Ma première compagne, Anne Looten, avec qui j'ai eu 3 enfants, est née à Nantes en 1967. Son père s'appelait Michel Looten et sa maman, originaire de la petite commune de Loire-Atlantique d'Aigrefeuille-sur-Maine est Odile Hervouet (Odile, Marie, Josèphe plus exactement). Voir l'arbre généalogique ci-dessous.

 

Les parents d'Odile, et la plupart de ses ancêtres, sont issus de cette petite commune d'Aigrefeuille-sur-Maine. Elle était la fille d'un maître maçon, Léon Marie Hervouet. Il avait épousé en premières noces, en 1906, Marie Guillet. Ils avaient tous les deux 24 ans. Ils ont trois enfants (Georges, Marie et Léon). Marie Guillet décède. Léon veuf mais encore jeune, épouse une cousine de sa défunte femme, Léontine Marie Guillet, sur la photo ci-contre ; il a 36 ans, elle en a 29. Ils ont quatre enfants : Léon (1920), Cécile (1923), Thérèse (1927) et Odile (1935).

 

Léon Marie Hervouet meurt à son tour, le 6 avril 1938, d'un accident de voiture.
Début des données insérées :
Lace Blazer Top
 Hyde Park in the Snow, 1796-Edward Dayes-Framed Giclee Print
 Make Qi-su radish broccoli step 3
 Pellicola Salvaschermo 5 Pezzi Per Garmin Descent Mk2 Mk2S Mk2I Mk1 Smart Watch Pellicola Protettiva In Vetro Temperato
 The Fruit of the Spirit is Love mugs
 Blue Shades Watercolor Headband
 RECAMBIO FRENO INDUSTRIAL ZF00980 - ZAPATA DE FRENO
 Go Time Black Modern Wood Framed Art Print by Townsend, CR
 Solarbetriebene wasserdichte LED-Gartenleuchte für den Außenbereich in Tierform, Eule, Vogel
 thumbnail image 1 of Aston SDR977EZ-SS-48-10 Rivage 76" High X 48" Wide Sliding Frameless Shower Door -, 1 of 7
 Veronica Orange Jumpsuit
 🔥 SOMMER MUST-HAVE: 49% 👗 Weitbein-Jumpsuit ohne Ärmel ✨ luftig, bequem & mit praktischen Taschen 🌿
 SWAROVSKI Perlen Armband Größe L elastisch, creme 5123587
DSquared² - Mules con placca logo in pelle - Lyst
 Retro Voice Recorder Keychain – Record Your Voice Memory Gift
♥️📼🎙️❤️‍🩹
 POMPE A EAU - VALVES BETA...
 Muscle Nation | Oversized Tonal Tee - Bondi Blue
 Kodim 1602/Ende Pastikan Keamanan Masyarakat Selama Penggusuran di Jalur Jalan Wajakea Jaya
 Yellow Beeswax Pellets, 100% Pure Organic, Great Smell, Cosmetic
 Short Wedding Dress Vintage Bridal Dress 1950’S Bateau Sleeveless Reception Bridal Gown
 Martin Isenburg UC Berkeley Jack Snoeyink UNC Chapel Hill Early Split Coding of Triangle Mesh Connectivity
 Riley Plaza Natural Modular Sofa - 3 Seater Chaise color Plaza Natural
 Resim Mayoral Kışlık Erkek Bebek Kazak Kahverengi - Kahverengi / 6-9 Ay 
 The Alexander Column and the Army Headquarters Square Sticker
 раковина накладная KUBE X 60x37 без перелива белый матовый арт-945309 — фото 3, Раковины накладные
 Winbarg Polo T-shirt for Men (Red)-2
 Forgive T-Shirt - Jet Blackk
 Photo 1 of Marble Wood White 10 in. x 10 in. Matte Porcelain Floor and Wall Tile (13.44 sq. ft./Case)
Il avait 55 ans.


Petit arbre généalogique d'Odile Hervouet épouse Looten

Sur la photo de famille ci-contre, nous retrouvons Léon et Léontine, quelques années après leur mariage. Pour leurs enfants, de gauche à droite, nous avons Cécile, Thérèse, Odile et Léon.

 

Odile est née en 1935, et sur la photo, elle semble avoir à peu près deux ans. Nous sommes donc sans doute en 1937.

 

Léon Marie Hervouet, matricule 1572. A 20 ans, il mesure 1,64 m ; il a les yeux et les cheveux noirs. Son niveau d'instruction est évalué à 3. Il est déjà entrepreneur de maçonnerie. Il bénéficie d'une dispense car il a déjà un frère qui effectue son service militaire. Il ne reste conscrit qu'une seule année, de novembre 1903 à septembre 1904, dans le 64ème régiment d'infanterie. Il est réformé n°2 pour une hernie volumineuse en 1908 ce qui ne l'empêche pas d'être mobilisé en août 1914 et d'être déclaré bon pour le service armé en décembre 1914. Il rejoint son unité en février 1915 comme soldat 2ème classe ; il est caporal en septembre 1915, sergent puis sergent fourrier en octobre de la même année. Il est cité à l'ordre du régiment pour avoir assuré le ravitaillement de son bataillon dans des conditions difficiles comme sergent artificier. Aucune date n'est précisée sur son registre matricule.